Guys, we’re far from perfect.  We still make a lot of mistakes when it comes to each other.  We make mistakes in our marriage.  We make mistakes at work.  We make mistakes in our relationship with God.  We don’t attend church every Sunday.  I still swear far more than I should and I yell like my kids are deaf.  We make mistakes in the way we parent our children.  We make mistakes with regards to relationships we have every day with people.  Family, friends, and just normal every day people we come across while we drive our cars.  We’re human.

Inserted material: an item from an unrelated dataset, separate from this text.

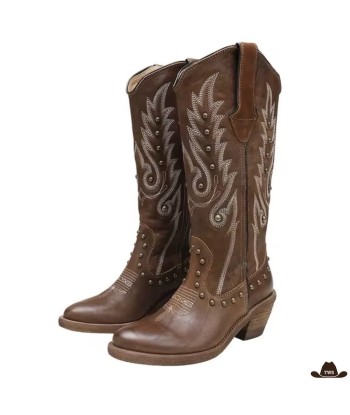 Bottes Country Marron pas cher chine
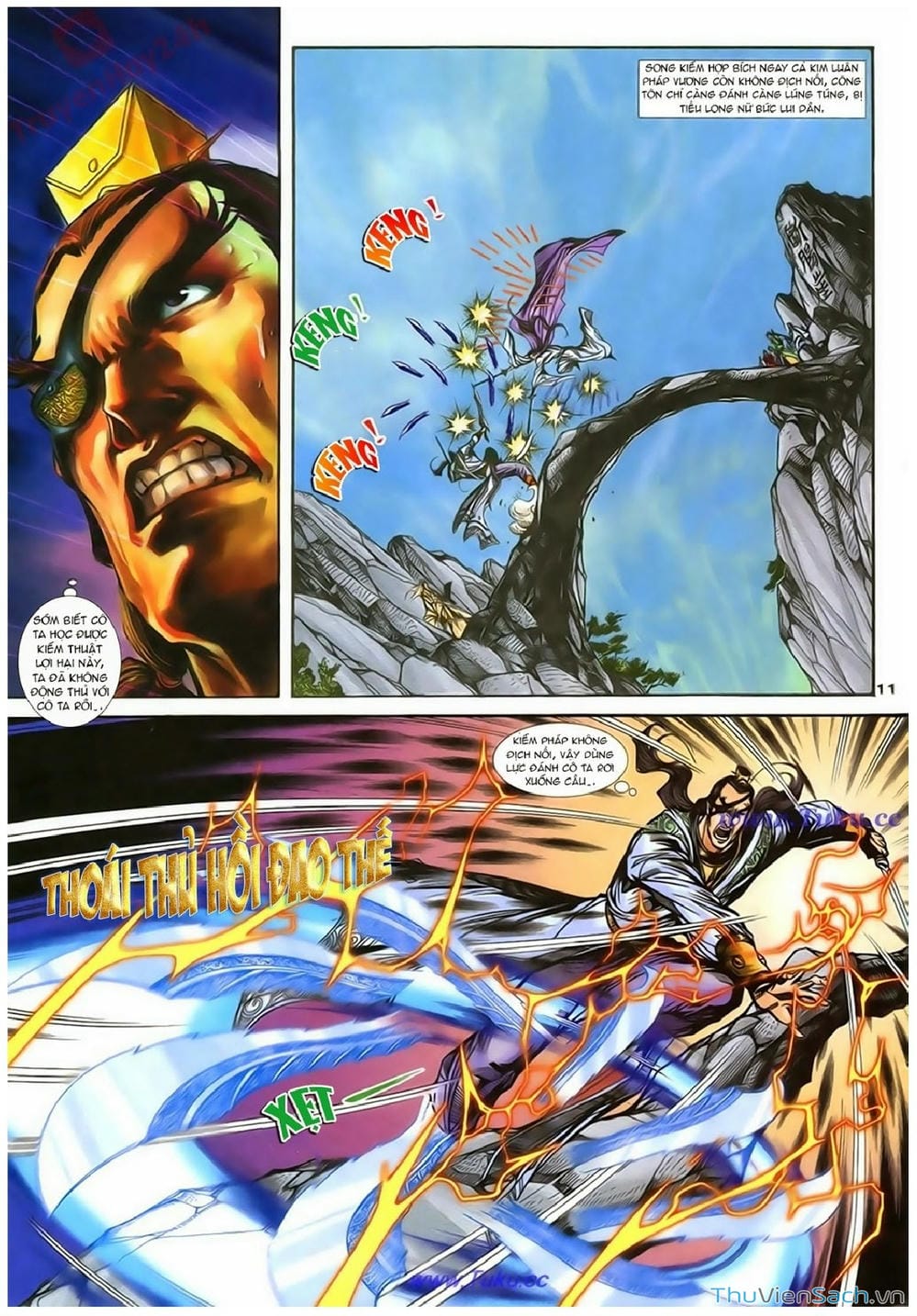 Truyện Tranh Thần Điêu Hiệp Lữ trang 4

But, like we teach our children, the most important thing you can do is to recognize failure and ask for forgiveness…immediately.  It’s never easy.  It’s hard to swallow your pride and admit you were wrong.  But, it’s so freeing to admit to someone you were wrong and ask for forgiveness.  It doesn’t mean they will give it – and if I’m totally transparent, I struggle with forgiveness sometimes, too.  Especially when I’ve been cut deep.  But, I work on it.  Every day.  And I lean back on the Lord to guide me through that and I pray about it.  Every day.  I pray when I drive.  I pray when I’m laying in bed.  I pray when I wake up in the middle of the night and sometimes just sit there and have conversations with God until I fall back asleep.  I mean, I ramble a lot.  My conversations are not always purposeful.  Sometimes, I forget I’m talking to a King and talk to Him like I’m talking to my Daddy.  I realize that my Creator, my Father, my Savior, my King…built the Heavens and the Earth.

I can barely even talk about how amazing God is without choking back tears of admiration.  I can barely get through worship songs or prayers in front of others without crying.  It’s embarrassing, but I also know it’s because I am so in love with the one who breathed air into my very lungs.  In love with His perfection.  In love with the forgiveness He offers me day after day when I fail and yet, He still opens his arms to me as if every day, I’m a prodigal son.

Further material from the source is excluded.